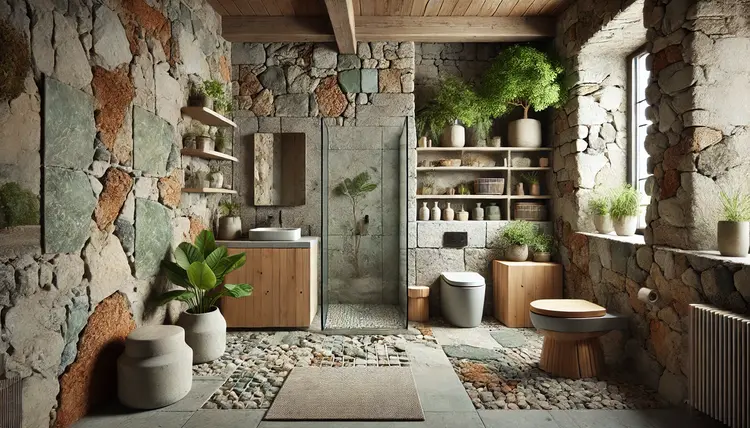 Small Bathroom Tile Design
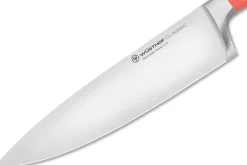 Couteau de chef Wusthof Classic Colour Coral Peach forgé lame 20cm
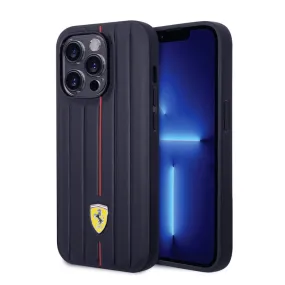 Ferrari Leather Protective Case For Ip14 Pro Max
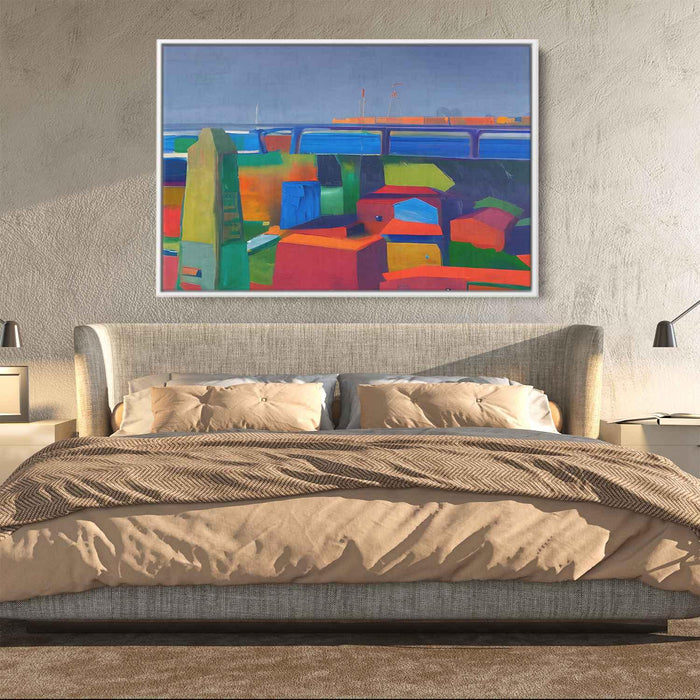 Abstract Harbour #118 - Kanvah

_EXERCISE DETAILS_: Your output should be only the lines from the line with "Couteau de chef" through the end of the data, exactly as they stand, and no pictures.

_EXPECTED ANSWER_:
 Couteau de chef Wusthof Classic Colour Coral Peach forgé lame 20cm
 Ferrari Leather Protective Case For Ip14 Pro Max
 Abstract Harbour #118 - Kanvah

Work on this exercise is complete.